If it sounds like a movie set instead of reality, Westerwood might not be that far from the truth.
A walk down one of its sidewalks on a fall Saturday can feel a lot like that: the trees turning shades of gold, the sound of children playing carried on the breeze and neighbors out and about.
But this neighborhood is more than just very livable — it seems to be the perfect habitat, if you will, for Greensboro’s artistic community.
In a city known for its gorgeous neighborhoods, Westerwood is a hidden jewel. And just as it’s been here “all along,” it’s helping Greensboro become known for something else that often remains hidden in plain sight — its thriving artistic community.
The neighborhood
Westerwood is centrally located between downtown Greensboro, UNCG and Friendly Shopping Center.
Benjamin Briggs, executive director of Preservation Greensboro, says the reason it has remained an intact neighborhood is in part due to its “tucked in nature” with no frontage on Benjamin Parkway, a park as another boundary and the fact that traditionally, it has not been an area with connectivity.
When it was built in the early 20th century, the neighborhood was one of Greensboro’s first planned communities. A 2001 study by the City of Greensboro’s Department of Housing and Community
Development concluded that “Westerwood may be one of the better examples of an early, planned community for middle-income groups in North Carolina.”
And that “as one of Greensboro’s earliest neighborhoods, Westerwood is a treasure. ... Because of its traditional design, shady streets, proximity to thoroughfares, public transportation, parks, the downtown, colleges, schools, churches, and neighborhood shopping centers, Westerwood may well be the most 'livable’ neighborhood in the city.”
When artist Maryanna Williams first moved to the city with her family almost 19 years ago, she said that it soon became clear that many musicians, artists and university employees lived in Westerwood.

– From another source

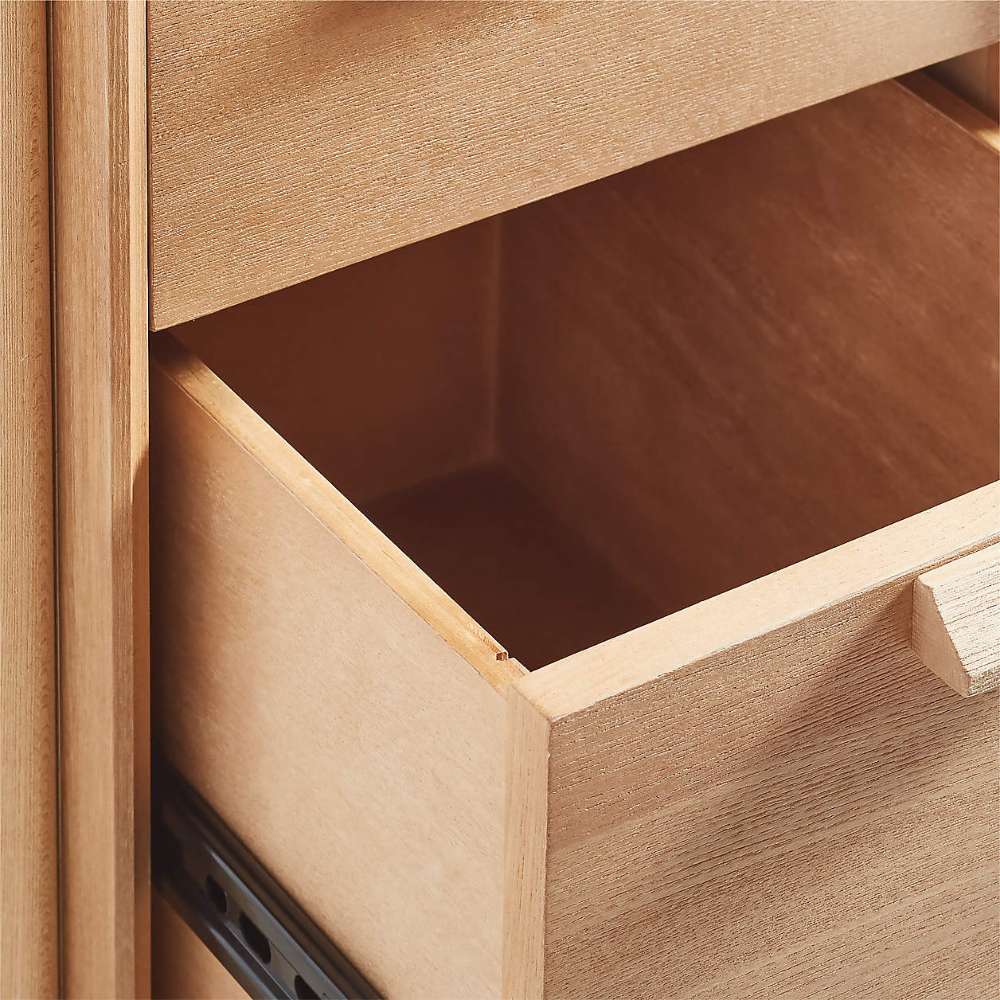 An open storage drawer of Crate & Barrel Elias 66" Natural Elm Wood Desk with File Cabinet shows its spacious interior for office essentials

And she made up her mind that Westerwood was where she wanted her family to live.
She really made up her mind.
Ignore the fact that at the time she started looking for a house in the neighborhood, hardly anyone was moving, and if they were, she recalls that it was more of a “word-of-mouth thing” when it came to selling. She was new in town, too. None of that mattered to Williams.
“I had a young baby at the time, and I put her in a carriage and went door-to-door, introducing myself and letting people know I was interested in buying a house should one come available,” she says.
Her perseverance finally paid off when two years later, she was working on a committee with a neighborhood resident who tipped her off that a house was for sale.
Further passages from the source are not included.